## PROMPT
The pictures in the listing below are to be skipped, while the lines between the line holding "koženkove nohavice, m" and the line holding "Gucci GG Marmont super mini bag", inclusive, are to be output exactly.

## DATA SHOWN

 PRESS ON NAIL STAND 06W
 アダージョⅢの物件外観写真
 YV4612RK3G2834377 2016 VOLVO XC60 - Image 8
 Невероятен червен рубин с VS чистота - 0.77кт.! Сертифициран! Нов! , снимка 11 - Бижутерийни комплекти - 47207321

* * *

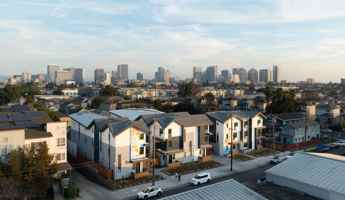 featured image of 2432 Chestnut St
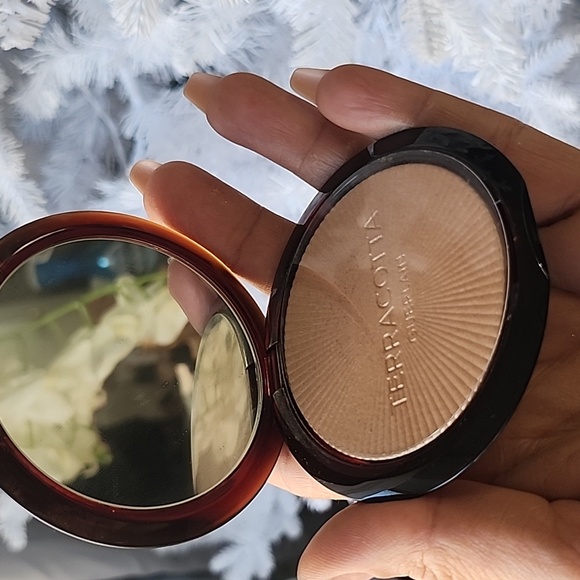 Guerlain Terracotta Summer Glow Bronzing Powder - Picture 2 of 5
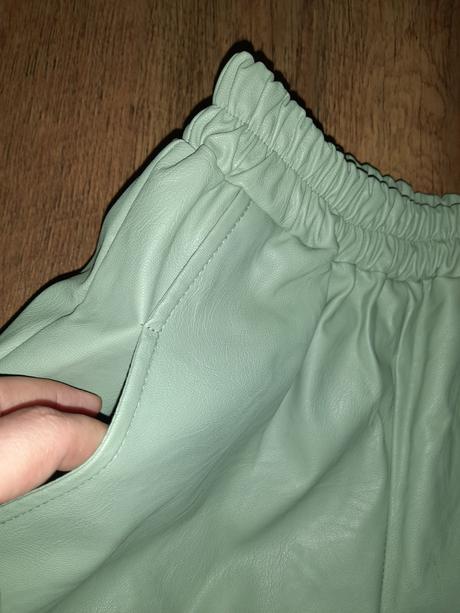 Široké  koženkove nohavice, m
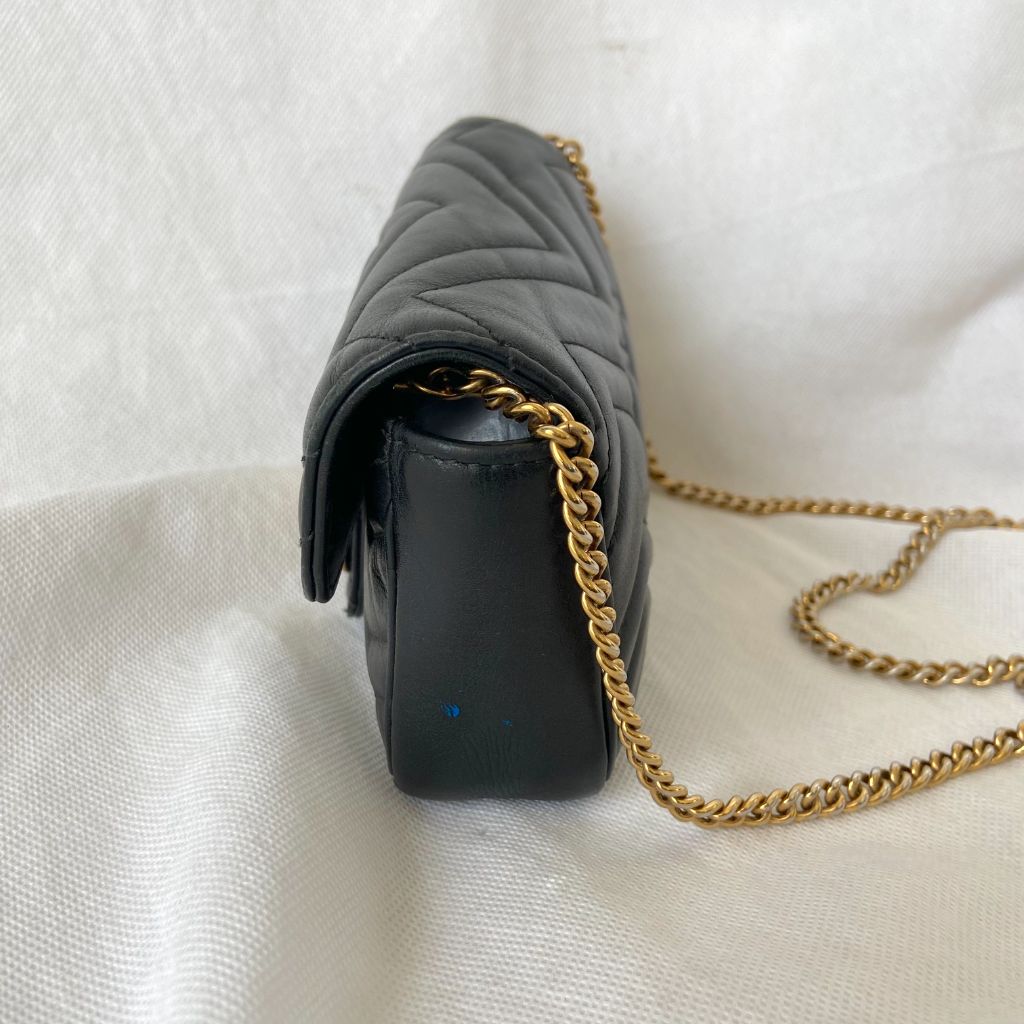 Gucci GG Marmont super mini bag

---

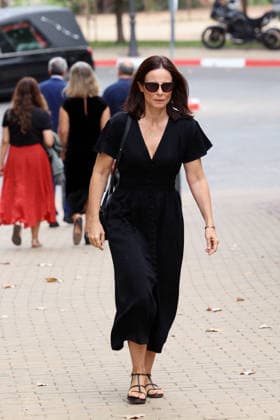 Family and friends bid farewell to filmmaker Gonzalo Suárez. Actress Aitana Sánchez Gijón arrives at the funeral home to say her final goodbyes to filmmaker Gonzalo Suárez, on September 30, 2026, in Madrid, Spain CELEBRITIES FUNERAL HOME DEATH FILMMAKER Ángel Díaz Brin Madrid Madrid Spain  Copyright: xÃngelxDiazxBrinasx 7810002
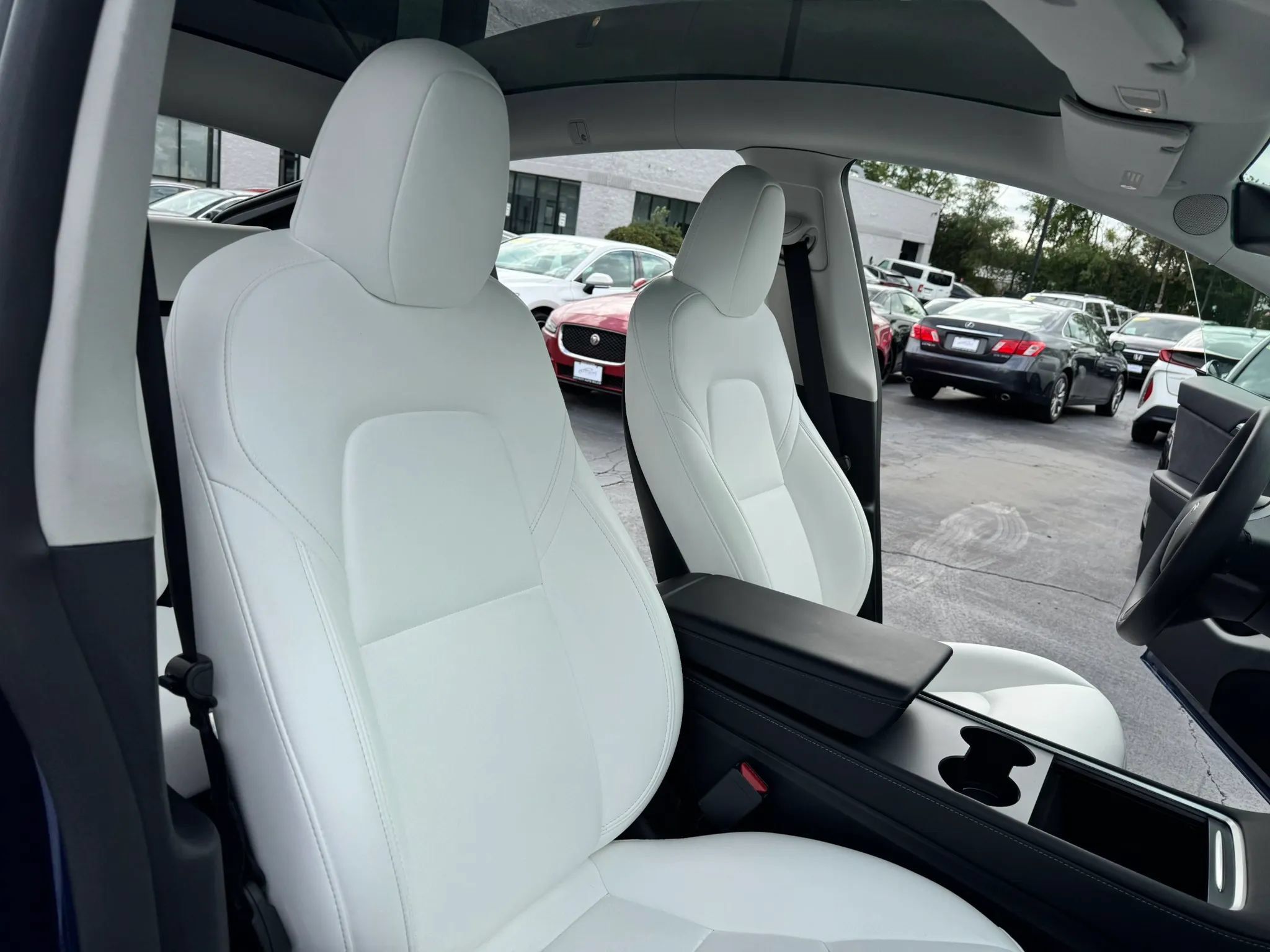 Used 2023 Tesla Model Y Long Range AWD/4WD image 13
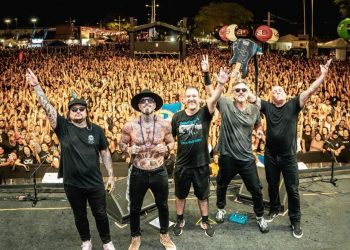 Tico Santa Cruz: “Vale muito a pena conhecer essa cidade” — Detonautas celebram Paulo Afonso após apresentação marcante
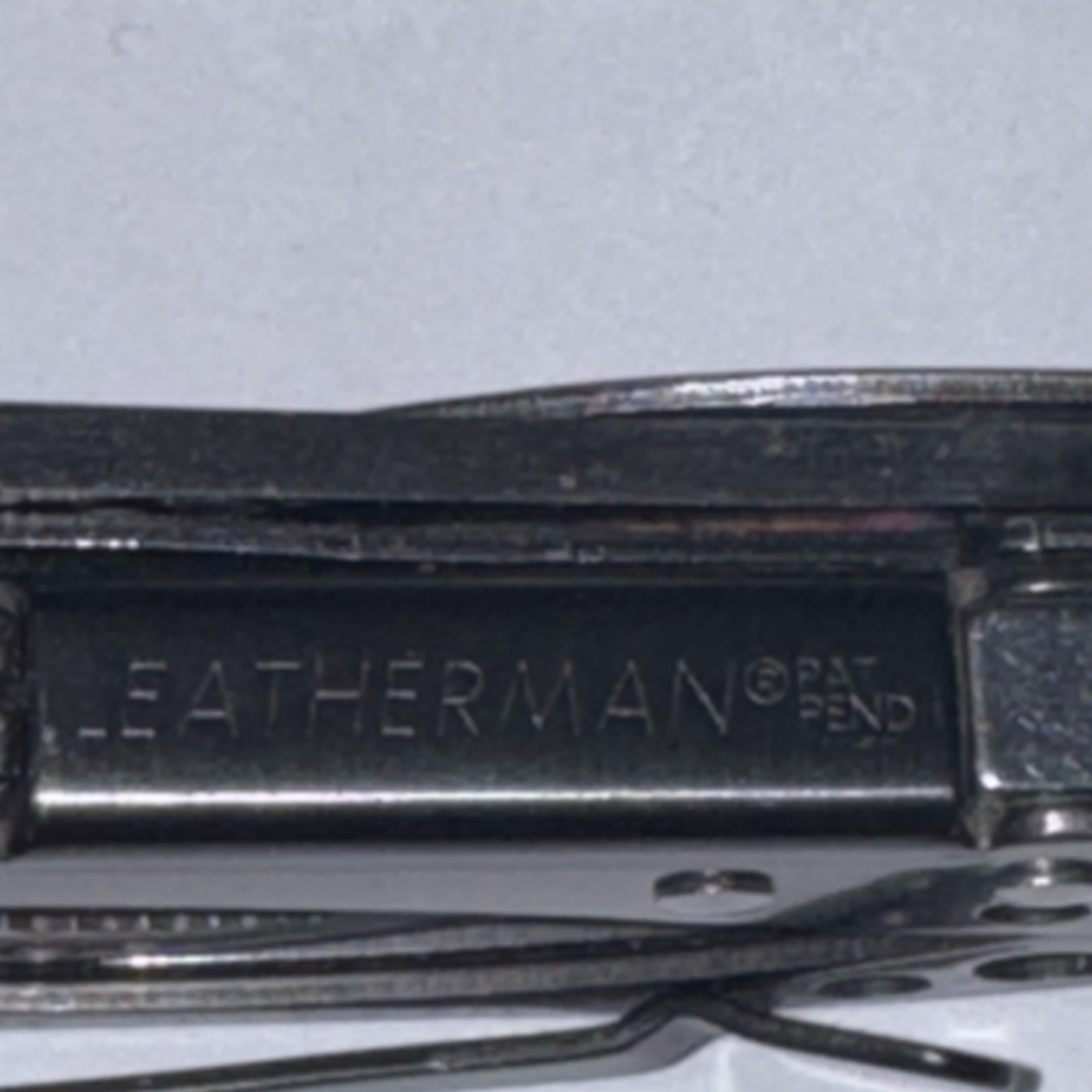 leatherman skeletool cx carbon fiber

## SOLUTION FOR THIS PROBLEM
 Široké  koženkove nohavice, m
 Gucci GG Marmont super mini bag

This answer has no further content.